──────── Records supplied ────────
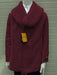 Mens Pea coats With Fur Collar - Dark Burgundy Peacoats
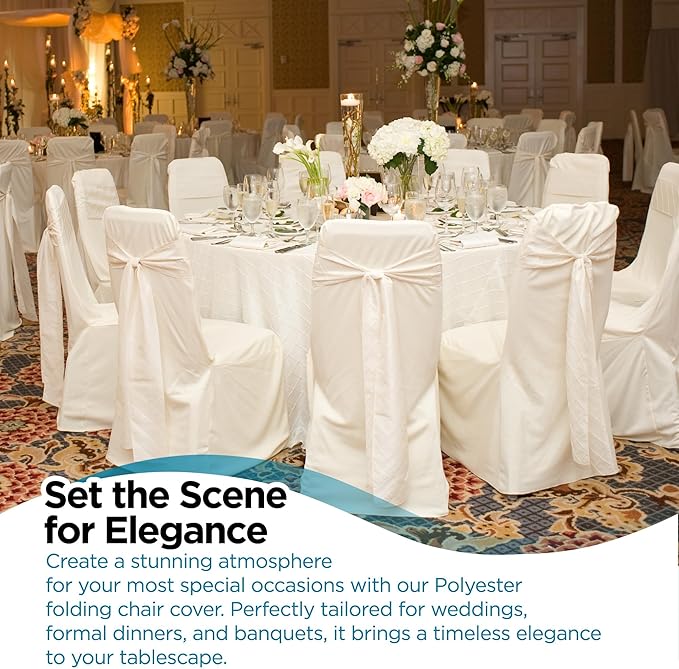 Sparkles Make It Special Polyester Folding Chair Covers - Premium, Durable, Foldable Chair Covers/Slipcover for Party, Wedding, Reception, Restaurant Decorations - Ivory, 200 pcs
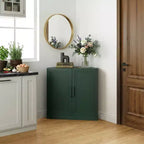 Meuble d’angle Dovelina avec étagères réglables, buffet, meuble à vin et meuble de cuisine et de salle à manger avec portes en bois - 31 po H x 31 po L, 36 po H x 31 po L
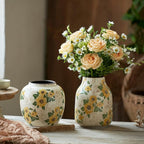 Levvohd Vintage Ceramic Vase, 7.7 Inch Yellow and Beige Sunflower Floral Modern Flower Vases for Home Decor Aesthetic Living Room Bookshelf Office Tuscan Decorations (Conical)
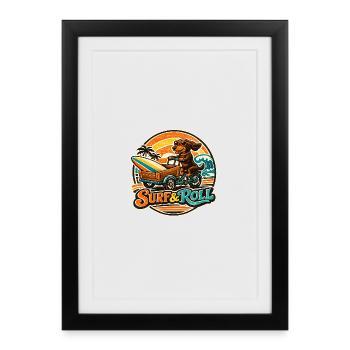 Teckel surf & roll avec planche de surf - Affiche encadrée (27 × 37 cm) - noir - Devant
────────
◆ Description of the task ◆
With the pictures left out, write out all of the data exactly.

◆ Response to this exercise ◆
 Mens Pea coats With Fur Collar - Dark Burgundy Peacoats
 Sparkles Make It Special Polyester Folding Chair Covers - Premium, Durable, Foldable Chair Covers/Slipcover for Party, Wedding, Reception, Restaurant Decorations - Ivory, 200 pcs
 Meuble d’angle Dovelina avec étagères réglables, buffet, meuble à vin et meuble de cuisine et de salle à manger avec portes en bois - 31 po H x 31 po L, 36 po H x 31 po L
 Levvohd Vintage Ceramic Vase, 7.7 Inch Yellow and Beige Sunflower Floral Modern Flower Vases for Home Decor Aesthetic Living Room Bookshelf Office Tuscan Decorations (Conical)
 Teckel surf & roll avec planche de surf - Affiche encadrée (27 × 37 cm) - noir - Devant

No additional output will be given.